# EXERCISE
List every line in this data where the string "White" occurs.

[Records from a collection]
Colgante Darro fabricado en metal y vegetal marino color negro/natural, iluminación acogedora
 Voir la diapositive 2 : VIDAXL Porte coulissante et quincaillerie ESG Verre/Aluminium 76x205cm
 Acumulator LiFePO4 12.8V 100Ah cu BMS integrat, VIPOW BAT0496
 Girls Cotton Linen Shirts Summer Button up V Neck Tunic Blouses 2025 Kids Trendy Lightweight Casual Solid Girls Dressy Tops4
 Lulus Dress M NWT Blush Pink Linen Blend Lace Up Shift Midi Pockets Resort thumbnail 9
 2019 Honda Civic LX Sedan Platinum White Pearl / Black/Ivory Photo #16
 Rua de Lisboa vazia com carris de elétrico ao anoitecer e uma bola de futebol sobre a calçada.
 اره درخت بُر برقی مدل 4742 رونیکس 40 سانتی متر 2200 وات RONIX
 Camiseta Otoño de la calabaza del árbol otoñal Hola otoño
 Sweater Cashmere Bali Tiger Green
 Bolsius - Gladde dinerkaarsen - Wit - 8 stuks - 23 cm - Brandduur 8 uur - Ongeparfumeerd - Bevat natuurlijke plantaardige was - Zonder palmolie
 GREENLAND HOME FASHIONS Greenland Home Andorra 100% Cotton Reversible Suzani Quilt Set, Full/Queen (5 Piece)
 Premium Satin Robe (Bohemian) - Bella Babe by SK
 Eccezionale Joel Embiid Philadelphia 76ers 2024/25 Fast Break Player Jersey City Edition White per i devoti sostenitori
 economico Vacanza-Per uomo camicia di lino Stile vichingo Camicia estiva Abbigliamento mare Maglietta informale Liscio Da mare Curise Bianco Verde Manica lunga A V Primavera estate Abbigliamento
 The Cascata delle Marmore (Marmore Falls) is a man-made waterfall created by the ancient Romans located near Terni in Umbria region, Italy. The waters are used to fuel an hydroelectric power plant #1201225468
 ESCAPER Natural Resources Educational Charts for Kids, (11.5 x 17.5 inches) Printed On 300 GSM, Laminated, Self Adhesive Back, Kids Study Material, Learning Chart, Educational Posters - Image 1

# ANSWER TO THE EXERCISE
 2019 Honda Civic LX Sedan Platinum White Pearl / Black/Ivory Photo #16
 Eccezionale Joel Embiid Philadelphia 76ers 2024/25 Fast Break Player Jersey City Edition White per i devoti sostenitori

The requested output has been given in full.